Article 19    An expert basing its opinion on other expert reports (such as real estate appraisal reports or valuation reports) or a self-valuation report of the principal shall at least implement the following procedures:
  1. consider the requirements governing use of information generated by management’s experts as set forth in ARDF Auditing Standards nos. 620, “Using the Work of an Auditor's Expert,” and 500, “Audit Evidence,” when evaluating the professional capability, competence, and objectivity of other experts or the personnel of the principal conducting the valuation.
  2. evaluate, in light of each of the following with regard to the object under review, whether the procedures by which the opinions and conclusions in other expert reports or a self-valuation report of the principal are developed are comprehensive, correct, and reasonable, and confirm said procedures are legally compliant and consistent with the Regulations on Real Estate Appraisal, relevant Statement on Standards for Valuation, or international convention being drawn on or applied: relevant information, scope of the appraisal or valuation report, appraisal or valuation method employed, major assumptions, parameters, adjustment and inference procedures, opinions and conclusions, sources of data used, examinations, inquiries, calculations, or necessary analyses conducted. The expert shall, where necessary, request the principal to obtain the working papers from other experts.

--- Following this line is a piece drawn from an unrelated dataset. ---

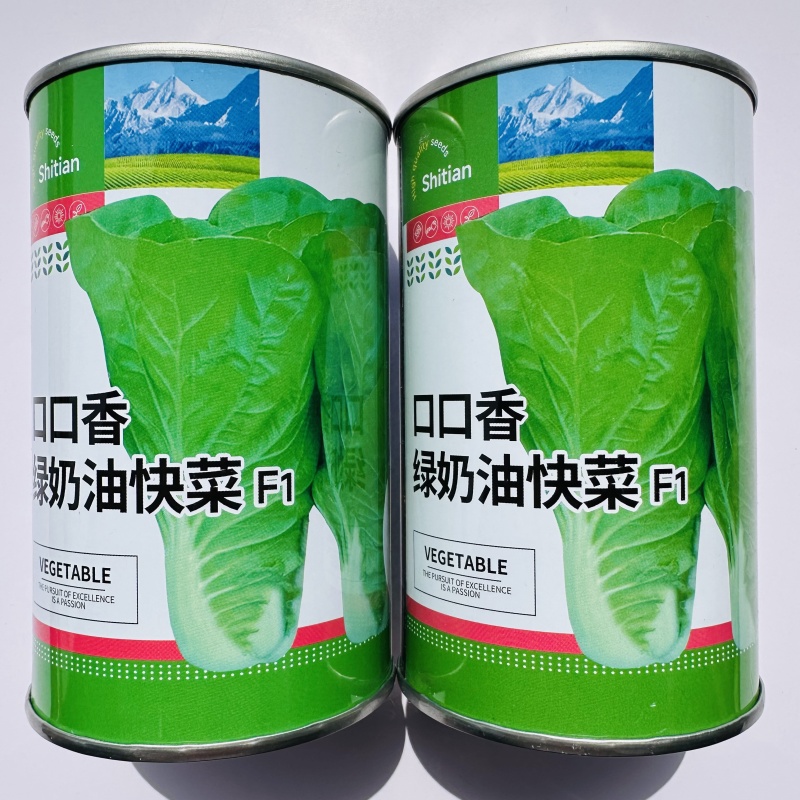 快菜种子春秋冬季蔬菜种子大全奶油快菜种孑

  3. analyze the reasons for and reasonableness of any discrepancy in the opinions and conclusions of the reports if two or more reports are relied on.

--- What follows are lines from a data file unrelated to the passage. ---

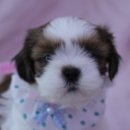 동글동글 이미지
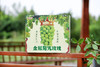 金冠阳光玫瑰葡萄 商品缩略图1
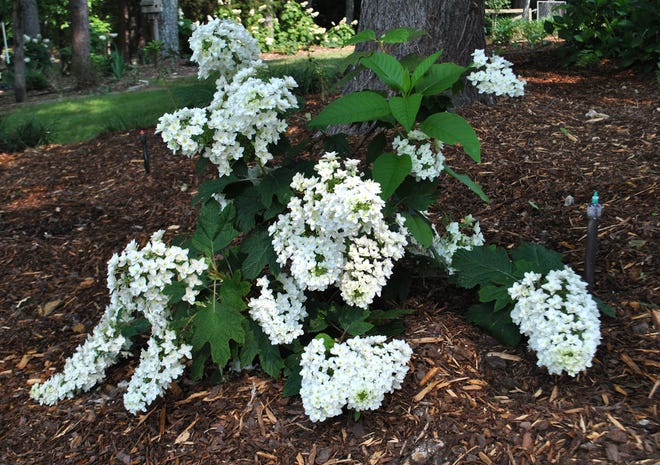 CAROL LINK | SPECIAL TO THE TIMES
This lovely snowflake hydrangea grows along our driveway in a large bed near
the top of the hill, and receives dappled shade for part of the day. Notice the
elongated shape of the cones.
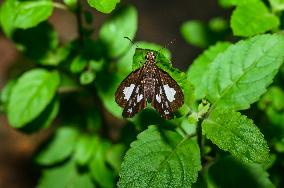 Grass Demon - Ancistroides Folus - Animal India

  4. evaluate whether such other expert reports or the principal’s self-valuation report make sufficient basis for the expert to form an opinion, and, where necessary, collect other related data and implement other procedures, and, upon obtaining sufficient and proper information, analyze whether the difference between the results of evaluation and contents of engagement (such as the estimated transaction price or share exchange ratio, acquisition price etc. of the object under review) substantiates a reasonable conclusion sufficiently.
Article 20    An expert validating the principal’s evaluation results in accordance with Article 16 or 17 of the Acquisition and Disposal Regulations shall at least implement the following procedures:
  1. whether the evaluation method employed for validation is legally compliant;
  2. obtain raw data or collect data by itself to confirm the appropriateness and reasonableness of data used by the principal;
  3. verify the similarity between the object under review and like cases introduced by the principal and confirm neither party to the transaction is an interested party of the company;
  4. recalculate the evaluation results to verify their correctness;
  5. examine the difference between the evaluation results and estimated transaction price and evaluate whether such difference substantiates a conclusion that the latter is reasonable.